简体   繁体   English

将刻痕频率分配给facet_grid中的离散数据轴

[英]Assigning tick marks frequency to discrete data axes in facet_grid

I'm having some trouble setting readable tick marks on my axes. 我在轴上设置可读的刻度线时遇到麻烦。 The problem is that my data are at different magnitudes, so I'm not really sure how to go about it. 问题是我的数据大小不同,因此我不确定如何处理。

My data include ~400 different products, with 3/4 variables each, from two machines. 我的数据包括来自两台机器的约400种不同产品,每个产品都有3/4个变量。 I've pre-processed it into a data.table and used gather to convert it to long form- that part is fine. 我已经将其预处理为data.table,并使用collect将其转换为长格式-这部分很好。

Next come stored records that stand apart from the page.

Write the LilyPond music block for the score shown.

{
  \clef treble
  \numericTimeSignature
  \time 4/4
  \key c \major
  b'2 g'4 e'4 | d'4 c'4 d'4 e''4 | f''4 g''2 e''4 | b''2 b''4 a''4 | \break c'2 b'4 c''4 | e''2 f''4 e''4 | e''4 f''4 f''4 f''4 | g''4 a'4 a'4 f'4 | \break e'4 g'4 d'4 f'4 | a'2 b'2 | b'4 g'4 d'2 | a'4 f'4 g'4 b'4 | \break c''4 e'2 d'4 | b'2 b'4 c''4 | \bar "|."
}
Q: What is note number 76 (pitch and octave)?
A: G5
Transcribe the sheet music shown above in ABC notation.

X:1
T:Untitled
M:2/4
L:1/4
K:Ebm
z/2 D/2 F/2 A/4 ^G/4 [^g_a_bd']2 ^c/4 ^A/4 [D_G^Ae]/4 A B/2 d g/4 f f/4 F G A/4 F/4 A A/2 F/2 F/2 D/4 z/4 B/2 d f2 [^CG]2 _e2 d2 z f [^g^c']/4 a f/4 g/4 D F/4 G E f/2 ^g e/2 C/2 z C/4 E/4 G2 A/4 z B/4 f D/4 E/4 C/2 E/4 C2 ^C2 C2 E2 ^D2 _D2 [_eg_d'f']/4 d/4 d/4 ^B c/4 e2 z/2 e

Overview: Data is discrete, each X_________ on the x-axis represents a separate reading, and its relative values from machine 1/2 - the idea is to compare the two. 概述:数据是离散的,x轴上的每个X_________代表一个单独的读数,其相对值来自机器1/2-目的是将两者进行比较。 The graphical format is perfect for my needs, I would just like to set the ticks at say, every 10 products on the x-axes, and at reasonable values on the y-axis. 图形格式非常适合我的需求,我只想在x轴上每10个产品设置刻度,在y轴上设置合理的值。

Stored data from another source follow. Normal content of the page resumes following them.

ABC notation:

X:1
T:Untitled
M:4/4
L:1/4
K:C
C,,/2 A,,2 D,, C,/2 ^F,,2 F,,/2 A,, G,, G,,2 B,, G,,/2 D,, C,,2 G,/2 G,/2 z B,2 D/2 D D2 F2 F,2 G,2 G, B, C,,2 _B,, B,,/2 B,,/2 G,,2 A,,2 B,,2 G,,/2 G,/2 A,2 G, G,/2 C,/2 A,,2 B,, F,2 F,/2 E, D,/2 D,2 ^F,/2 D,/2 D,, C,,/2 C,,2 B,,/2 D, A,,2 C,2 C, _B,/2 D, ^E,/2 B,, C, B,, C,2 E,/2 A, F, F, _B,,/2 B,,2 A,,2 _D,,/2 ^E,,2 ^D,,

  • Y_1: from 150 to 250 Y_1:从150到250
  • Y_2: from say, 1.5* to 2.5 Y_2:从1.5 *到2.5
  • Y_3: from say, 0.8* to 2.3 Y_3:从0.8 *到2.3
  • Y_4: from say, 0.4* to 1.5 Y_4:从0.4 *到1.5

*Bottom value, rounded down *底值,四舍五入

Here's the code I'm using so far 这是我到目前为止使用的代码

var.Parameter <- c("Var1", "Var2", "Var3", "Var4")

MProduct$Parameter <- factor(MProduct$Parameter,
                          labels = var.Parameter)
labels_x <- MProduct$Lot[seq(0, 1626, by= 20)]
labels_y <- MProduct$Value[seq(0, 1626, by= 15)]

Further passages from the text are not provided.